Most Republicans opposed the resolution citing concerns that widespread use of absentee ballots could invite voter fraud. During a more than four-hour debate, they sought to change the resolution by installing language that would have added photo identification requirements and signature verification policies to the question sent to voters.
“There’s always evidence of fraud in the absentee ballot world. We’ve seen it. It has not been widespread, but if you don’t have the proper safeguards it’s going to invite fraud and that’s our concern,” House Minority Leader Vincent Candelora said during a Tuesday press conference.
The amendments proposed by Republicans failed along party lines. Rep. Gale Mastrofrancesco, R-Wolcott, said she was disappointed that Democrats rejected the amendments.
“I really think that we could have worked in a bipartisan fashion.
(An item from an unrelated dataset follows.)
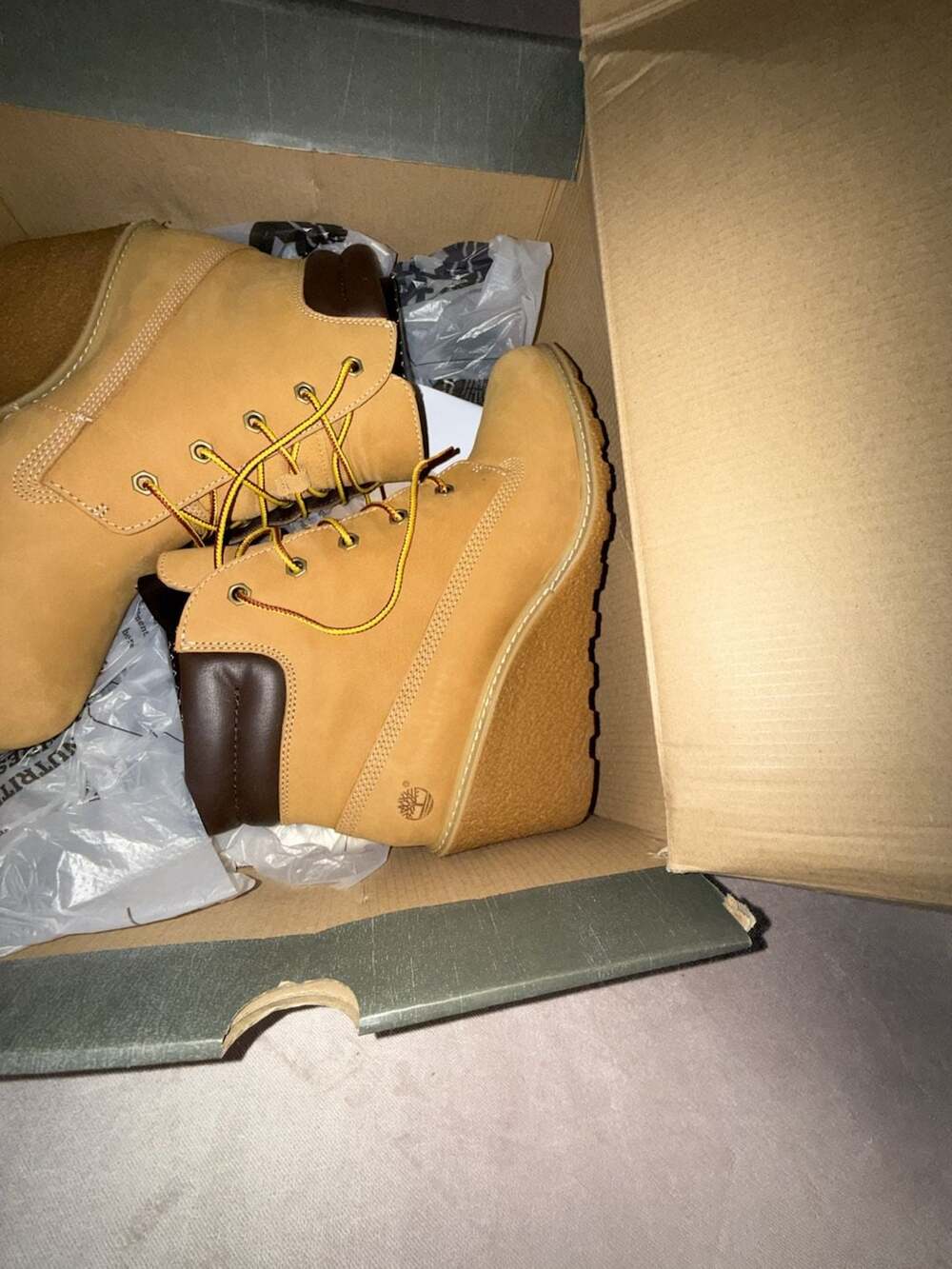 Timberland Women's Earthkeepers Amston 6-Inch Wheat Nubuck Wedge Boots TB08251A - Picture 2 of 16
It’s sad for the voters of the state of Connecticut,” Mastrofrancesco said. “We’ve tried many times to try to work together, and try to offer solutions and for some reason it just seems to be one-sided.”
Even if support for those changes potentially brought proponents closer to the supermajority required to put the question before voters next year, Ritter told reporters he would rather “do it right” than “make a bargain we’re going to regret.” He said the amendments were an attempt to address a rare problem.
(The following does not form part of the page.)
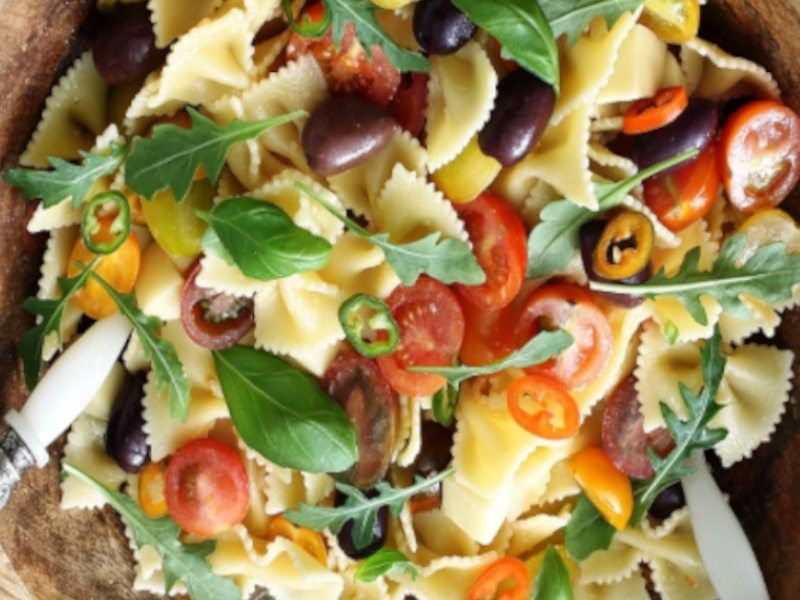 Pasta Fredda con Verdure: Un Piatto Fresco e Gustoso per l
“There’s just not widespread voter fraud from absentee ballots and it’s sort of parroting remarks from a discredited former president of the United States who was the source of a lot of that friction and commentary,” Ritter said.
During the debate, Republicans pointed often to a decision last year by the secretary of the state’s office to mail applications for absentee ballots to all registered voters. Although legal, Republicans said it increased the potential for a person to request a ballot in another person’s name.
Rep. David Rutigliano, R-Trumbull, said he received an application for someone named “Danny” at his house and was concerned that similar experiences would undermine confidence in the system.
“I’m not saying people are cheating. I’m saying we’re giving the impression that cheating happens,” Rutigliano said.
Rep. Christine Palm, D-Chester, said Tuesday’s debate had often drifted from the matter at hand, which was letting Connecticut voters decide whether the constitution should be modified.
“Discussions of widespread voter fraud, which has been debunked over and over and over again, questions about signatures, photographs, malfeasance, alleged mistrust. All of these are important questions, but they are not what is before us as a question. It is simply, should the will of the people obtain? Should we change the constitution to allow those details to be worked out?” Palm said.
In a statement following the vote, Secretary of the State Denise Merrill called the House approval an important step in putting Connecticut in line with most of the country.
“This is a common-sense, voter-centric reform that the overwhelming majority of voters, Democrats, Republicans, and unaffiliated, are in favor of, and it is disappointing that there wasn’t more Republican support to let the voters decide this issue next year. I look forward to this amendment being swiftly taken up and passed by the Senate,” Merrill said.